KNN is one of the simplest ML algorithms, it assigns a label to the new data based on the distance of the old & new data.
it's used for both regression and classification tasks.
when we use KNN we always keep in my mind 2 things :
1- choosing k-value
2- scale the features
Choosing the Optimal K-value :
I) Basic Case: K=1
This means the label assignment would be based on the nearest neighbor's distance.
The new data would be assigned a label same as the nearest class.
II) Using the Elbow Method:
Plot the error on the y-axis and the set of k-values on the x-axis.
Error is calculated as 1 - Accuracy (since accuracy measures how often our model predicted correctly).
Important Note:
The elbow method measures performance related to the chosen k-value based on the current train-test split and isn't an indication that the chosen k-value is optimal for all splits.

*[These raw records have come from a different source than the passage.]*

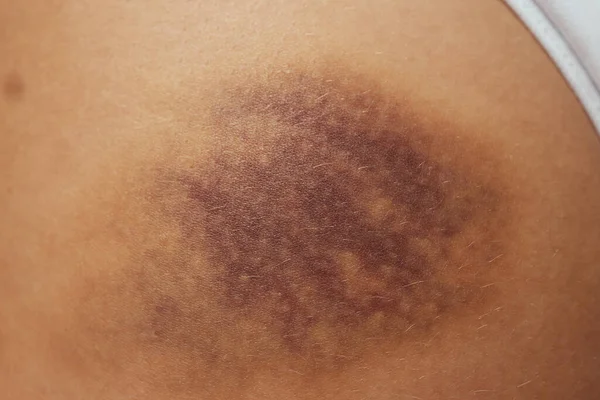 Hematoma and Large Bruise, blood under skin Congestion. — 图库照片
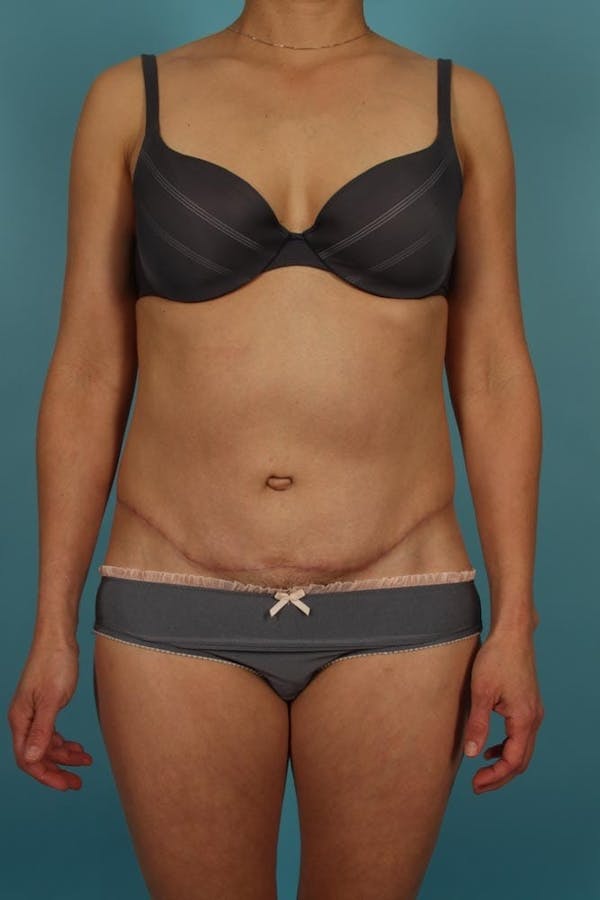 Tummy Tuck (Abdominoplasty) Before & After Gallery - Patient 13574688 - Image 2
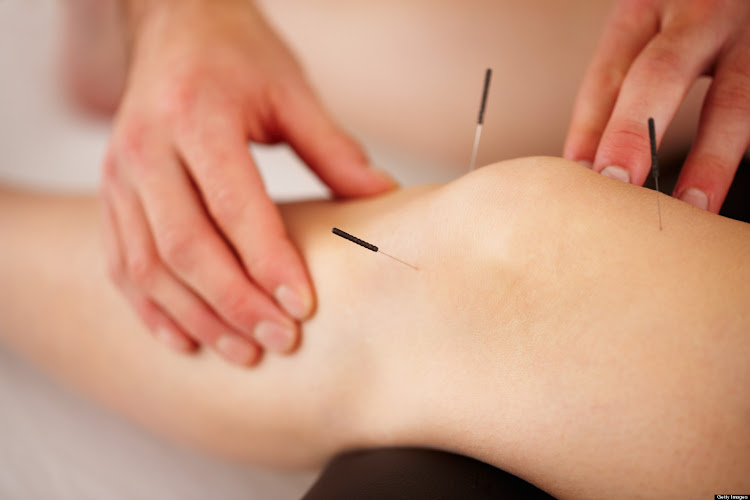 Plano Acupuncture
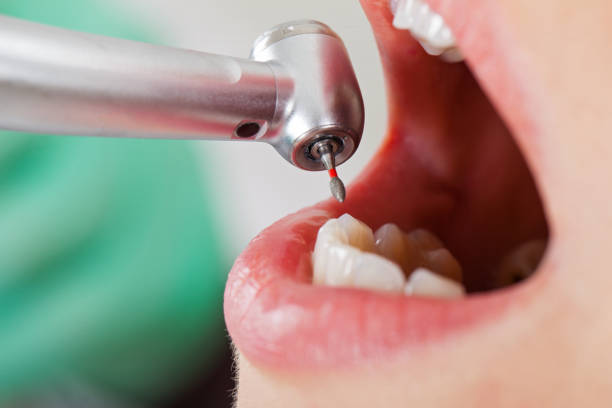 Best Emergency Treatment for Jaw Pain or Injury in Diamond Springs, CA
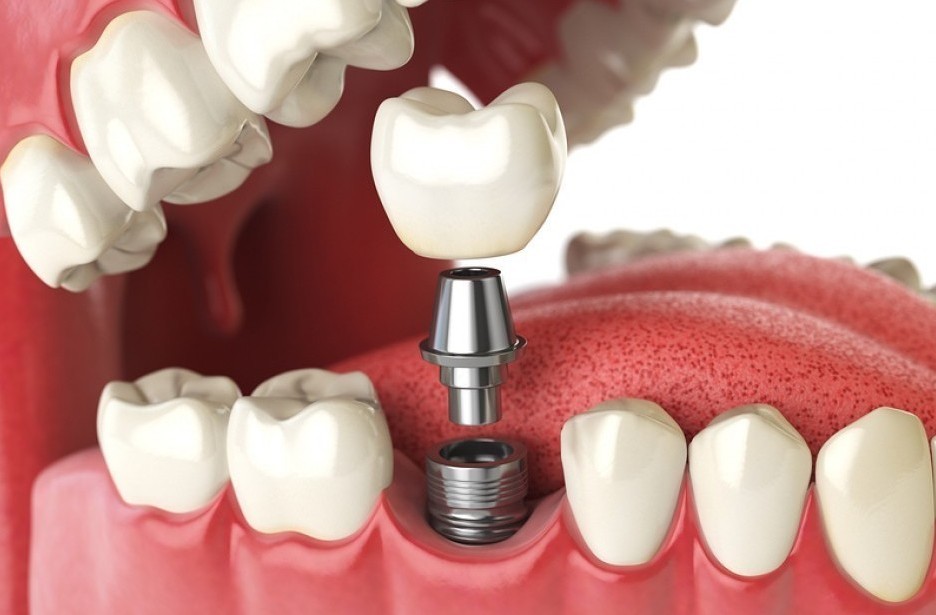 Dental Implant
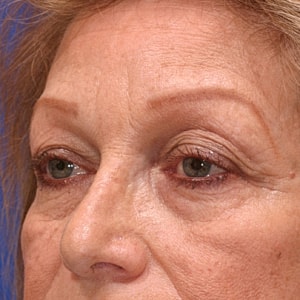 Close-up of aging woman's face, neutral expression.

Keep in mind we need to trade off between how complex our model is and how much we need to minimize error.
Example Trade-off Question:
K-value = 20 & Error = 0.06
K-value = 6 & Error = 0.05
Which trade-off would you choose?
III)Using Grid Search Cross Validation (with pipeline):
This method is more feasible than the elbow method as our chosen k-value would be optimal for all splits.
Remember: Grid Search searches through the entire dataset to find the average error.
Cross-validation splits the dataset into parts (train, evaluation, test). Once we finalize our choice, we can then compare our performance to the test portion.
Scale the Features:
It’s essential to scale our features in KNN as it is a distance-based algorithm.